ND-02 Abstract

Dynamics of Biogeochemical Cycles in Secondary Vegetation of Amazonia

Claudio Jose Reis de Carvalho, EMBRAPA/CPATU (SA-PI)
Eric A. Davidson, WHRC (US-PI)
Ricardo de Oliveira Figueiredo, Embrapa Amazônia Oriental (SA-PI)
Paulo Roberto de Souza Moutinho, IPAM - Instituto de Pesquisa Ambiental da Amazonia (SA-PI)
Tatiana Deane De Abreu Sa, EMBRAPA/CPATU (SA-PI)
Ima Celia G. Vieira, Museu Paraense Emilio Goeldi (SA-PI)

Most deforested land in the Amazon Basin has passed through stages of secondary forest succession following agricultural abandonment.  Nutrients lost through logging, fire, and runoff have immediate effects on air and water quality, and then have longer lasting effects on plant productivity and stream quality during ecosystem recovery.  Inadequate understanding of nutrient cycles during tropical forest secondary succession, however, precludes confidence in predictions of spatial and temporal variation of carbon sequestration, trace gas production, and nutrient losses to stream water and ground water in the secondary vegetation of the Amazon Basin.  Hence, this proposal is motivated by three questions concerning secondary vegetation:

1.      Do nutrients limit rates of forest regrowth in deforested lands of Amazonia?

We propose to continue addressing this question experimentally in a long-term, replicated, and controlled forest fertilization study in eastern Pará.  In addition, a forest chronosequence study that we completed on sandy soils will be repeated in a nearby area dominated by clayey soils, thus providing estimates of rates of recuperation of biogeochemical cycles during succession.
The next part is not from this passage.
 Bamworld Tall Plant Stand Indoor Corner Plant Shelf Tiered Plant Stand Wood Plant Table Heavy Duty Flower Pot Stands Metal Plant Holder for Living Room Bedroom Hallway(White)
These results will be integrated into a modeling framework designed to be generally applicable to the successional dynamics of aboveground and belowground pools of plant-available nutrients that affect C sequestration and trace gas emissions in disturbed Amazonian forest ecosystems.

2.      How well can stages of secondary forest succession be detected in satellite imagery?

Confidence in spatial extrapolation of C and nutrient stocks and fluxes in secondary forests depend largely on identification of these ecosystems in remotely sensed imagery. Three or four stages of forest succession usually can be distinguished in Landsat imagery, but the stand ages represented by each stage vary by region, soil type, and land use history.  Advanced regeneration can require 30-70 years, depending on these factors.  Rather than forest age, we propose that stages of succession (early, intermediate, advanced, and mature) identified from stand characteristics and spectral properties will offer the most regionally consistent approach for characterizing successional processes and attendant changes in biomass and trace gas fluxes.  We will evaluate the feasibility and accuracy of supervised classification at several scales by nesting ground-based measurements within high-resolution IKONOS images of our study sites, which will then be nested within Landsat imagery, which will finally be nested within MODIS imagery.  In addition, we will collaborate with studies of AVIRIS to estimate canopy N and LVIS to estimate stand height and structure to aid identification of successional forest stages. 

3.      How does land-use affect the exchange of nutrients between terrestrial and aquatic habitats?

Forest cutting and subsequent regeneration alter both the hydrology and biogeochemistry of the landscape.  In both mature forests and altered landscapes the source of many elements to stream waters is not well understood because links between stream chemistry and upland nutrient status are unclear and because riparian zone and in-stream processes are also important. We propose to measure changes in stream chemistry along three first-order streams from their headwaters in remnant mature forests, through pastures, secondary forests, and large fertilized fields of rice and corn in a region of highly weathered deep Oxisols of the eastern Amazon Basin.  Soils and groundwater in riparian zones will be studied in each land use.  Collaborations with studies in other regions will provide an opportunity to address interactions among soil substrates and land-use patterns as they affect stream chemistry across the basin.